同社は中長期的な成長の指標としてLTV(顧客生涯価値)を重視しており、その中でも特にARR(年間継続収入)の最大化を目指しています。HENNGE OneのARRは前連結会計年度で前期比27.2%増と順調に伸びており、同社は契約企業数の拡大、利用ユーザ数の増加、ユーザ当たり単価(ARPU)の引き上げという三つの要素を通じて将来のARRをさらに押し上げることを目標に掲げています。サブスクリプション型で年払いを原則とする収益構造により、先行投資を行いやすい財務基盤を保持している点も成長戦略の根拠です。

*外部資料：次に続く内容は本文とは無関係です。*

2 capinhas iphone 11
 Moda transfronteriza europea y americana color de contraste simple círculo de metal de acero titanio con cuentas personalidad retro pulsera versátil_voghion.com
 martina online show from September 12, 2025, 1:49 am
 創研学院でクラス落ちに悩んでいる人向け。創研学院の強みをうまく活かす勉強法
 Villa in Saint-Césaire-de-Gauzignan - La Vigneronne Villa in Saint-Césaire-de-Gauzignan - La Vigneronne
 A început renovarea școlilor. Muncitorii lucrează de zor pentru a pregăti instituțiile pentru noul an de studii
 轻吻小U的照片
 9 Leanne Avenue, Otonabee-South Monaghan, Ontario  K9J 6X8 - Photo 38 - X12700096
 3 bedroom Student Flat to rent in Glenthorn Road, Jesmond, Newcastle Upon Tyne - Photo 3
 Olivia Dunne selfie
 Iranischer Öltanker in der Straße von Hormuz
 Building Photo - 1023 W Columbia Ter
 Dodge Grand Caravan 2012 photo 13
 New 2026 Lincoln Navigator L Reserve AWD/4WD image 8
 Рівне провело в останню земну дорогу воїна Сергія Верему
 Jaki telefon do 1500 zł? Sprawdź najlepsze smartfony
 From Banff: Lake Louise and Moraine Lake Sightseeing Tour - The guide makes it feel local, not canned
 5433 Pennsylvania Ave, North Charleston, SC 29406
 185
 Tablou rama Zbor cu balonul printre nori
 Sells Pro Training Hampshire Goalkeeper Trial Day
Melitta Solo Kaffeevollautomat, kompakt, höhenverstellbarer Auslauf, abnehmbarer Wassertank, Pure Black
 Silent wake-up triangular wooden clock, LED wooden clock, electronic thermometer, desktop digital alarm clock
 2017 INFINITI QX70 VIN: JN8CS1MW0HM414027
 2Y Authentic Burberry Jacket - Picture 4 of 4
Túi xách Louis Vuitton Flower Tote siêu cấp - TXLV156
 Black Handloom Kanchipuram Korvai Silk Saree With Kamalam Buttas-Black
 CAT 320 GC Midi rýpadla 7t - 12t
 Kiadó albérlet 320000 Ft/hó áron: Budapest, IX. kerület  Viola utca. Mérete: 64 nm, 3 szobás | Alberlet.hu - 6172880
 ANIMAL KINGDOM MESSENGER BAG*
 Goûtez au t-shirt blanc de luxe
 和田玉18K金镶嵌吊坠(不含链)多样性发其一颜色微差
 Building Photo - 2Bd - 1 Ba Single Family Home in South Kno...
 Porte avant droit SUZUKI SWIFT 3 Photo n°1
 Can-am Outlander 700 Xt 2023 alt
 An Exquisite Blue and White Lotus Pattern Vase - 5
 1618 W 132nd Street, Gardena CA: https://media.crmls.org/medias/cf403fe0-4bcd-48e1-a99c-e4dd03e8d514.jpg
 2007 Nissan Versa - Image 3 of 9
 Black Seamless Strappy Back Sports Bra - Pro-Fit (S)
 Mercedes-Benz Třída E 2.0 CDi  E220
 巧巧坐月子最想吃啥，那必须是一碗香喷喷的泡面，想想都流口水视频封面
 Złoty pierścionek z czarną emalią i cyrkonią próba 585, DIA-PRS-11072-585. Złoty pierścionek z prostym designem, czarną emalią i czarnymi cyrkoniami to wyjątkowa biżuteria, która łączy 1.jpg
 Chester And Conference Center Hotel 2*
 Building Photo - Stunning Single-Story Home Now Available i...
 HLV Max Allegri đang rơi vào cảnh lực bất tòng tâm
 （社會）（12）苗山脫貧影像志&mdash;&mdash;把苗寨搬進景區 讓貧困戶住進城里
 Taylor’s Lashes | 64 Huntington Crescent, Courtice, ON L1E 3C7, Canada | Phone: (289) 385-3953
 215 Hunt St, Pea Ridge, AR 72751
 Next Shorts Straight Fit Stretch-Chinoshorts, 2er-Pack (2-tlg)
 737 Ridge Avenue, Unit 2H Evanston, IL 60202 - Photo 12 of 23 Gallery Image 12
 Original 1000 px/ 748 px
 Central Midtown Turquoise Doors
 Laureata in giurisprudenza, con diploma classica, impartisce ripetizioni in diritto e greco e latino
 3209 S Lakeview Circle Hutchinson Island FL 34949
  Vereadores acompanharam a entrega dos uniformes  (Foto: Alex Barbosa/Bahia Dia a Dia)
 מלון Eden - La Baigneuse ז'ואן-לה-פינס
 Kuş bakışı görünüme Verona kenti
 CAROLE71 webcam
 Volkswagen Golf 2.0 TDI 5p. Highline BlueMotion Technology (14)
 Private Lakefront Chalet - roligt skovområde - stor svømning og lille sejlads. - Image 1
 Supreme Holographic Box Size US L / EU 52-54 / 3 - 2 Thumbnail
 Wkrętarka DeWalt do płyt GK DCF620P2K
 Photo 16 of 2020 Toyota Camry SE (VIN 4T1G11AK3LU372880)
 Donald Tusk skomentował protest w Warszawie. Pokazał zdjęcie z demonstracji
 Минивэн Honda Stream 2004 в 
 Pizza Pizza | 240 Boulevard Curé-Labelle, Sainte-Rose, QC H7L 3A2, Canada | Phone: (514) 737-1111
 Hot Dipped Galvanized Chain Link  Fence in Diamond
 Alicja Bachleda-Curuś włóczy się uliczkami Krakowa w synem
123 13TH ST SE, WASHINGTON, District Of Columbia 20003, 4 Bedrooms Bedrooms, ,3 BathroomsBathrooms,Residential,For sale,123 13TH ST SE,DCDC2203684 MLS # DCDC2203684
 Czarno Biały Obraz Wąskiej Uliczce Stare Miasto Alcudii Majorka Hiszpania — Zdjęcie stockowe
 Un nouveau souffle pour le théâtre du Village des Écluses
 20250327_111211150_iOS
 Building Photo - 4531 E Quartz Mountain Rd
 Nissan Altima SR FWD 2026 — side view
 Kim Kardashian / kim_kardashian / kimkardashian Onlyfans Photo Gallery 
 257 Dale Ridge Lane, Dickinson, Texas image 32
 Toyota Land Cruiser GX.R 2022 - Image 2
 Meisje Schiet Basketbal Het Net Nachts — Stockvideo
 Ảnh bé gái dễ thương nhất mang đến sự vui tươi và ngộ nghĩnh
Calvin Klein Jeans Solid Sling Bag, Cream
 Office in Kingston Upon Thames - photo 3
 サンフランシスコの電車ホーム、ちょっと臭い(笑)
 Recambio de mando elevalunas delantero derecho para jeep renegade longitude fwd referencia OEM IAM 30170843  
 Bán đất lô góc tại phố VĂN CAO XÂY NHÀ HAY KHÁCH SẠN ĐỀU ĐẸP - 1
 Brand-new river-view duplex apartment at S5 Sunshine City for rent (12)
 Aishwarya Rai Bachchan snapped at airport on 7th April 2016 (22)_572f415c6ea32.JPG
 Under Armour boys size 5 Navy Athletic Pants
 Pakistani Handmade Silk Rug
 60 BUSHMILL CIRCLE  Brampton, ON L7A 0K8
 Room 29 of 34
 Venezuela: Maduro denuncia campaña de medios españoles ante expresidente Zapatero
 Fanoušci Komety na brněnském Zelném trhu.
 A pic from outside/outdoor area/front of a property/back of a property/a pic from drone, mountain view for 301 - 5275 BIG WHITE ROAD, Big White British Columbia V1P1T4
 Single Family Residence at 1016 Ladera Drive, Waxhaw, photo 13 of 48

重点投資分野は営業・マーケティング、人材および研究開発で、これらを組み合わせて競合との差別化を図っています。具体的には営業人員の増員、広告宣伝によるブランド向上、販売パートナーとの連携強化を通じて契約企業数を増やす施策を継続するとともに、HENNGE One内の上位プラン(HENNGE One Pro)への移行促進でARPUと収益性を高めています。基盤システムの効率化に投資して利益を研究開発へ再投資することで、運用コストを下げながら機能強化を進める方針です。

新市場開拓ではアジアを中心とした海外展開を重視し、実際の取り組みとして2025年4月に米国合弁会社HENNGE Inc.を設立し、米国の中小企業層をターゲットに活動を開始しました。加えて同年にはアプリケーションセキュリティ管理を手がけるIssueHunt社やメッシュ型ネットワークのRunetale社への出資を実行しており、外部投資や事業提携を通じた機能拡張と市場チャネルの拡大を図っています。これらにより地域カバレッジとサービスラインナップの両面で拡張を進める計画です。

技術革新への取り組みは同社経営の柱であり、新技術を迅速にサービスに取り入れるための体制整備を進めています。研究開発部門はチーム制で柔軟な組織運営を行い、グローバルインターンや英語の社内公用語化などで人材確保と多様性を強化しています。また、AIを含む最新技術やセキュリティニーズを踏まえた新機能開発を継続し、社内開発に加えて外部投資・連携でアプリケーションセキュリティやネットワーク技術を補強することで、顧客にとっての付加価値を向上させています。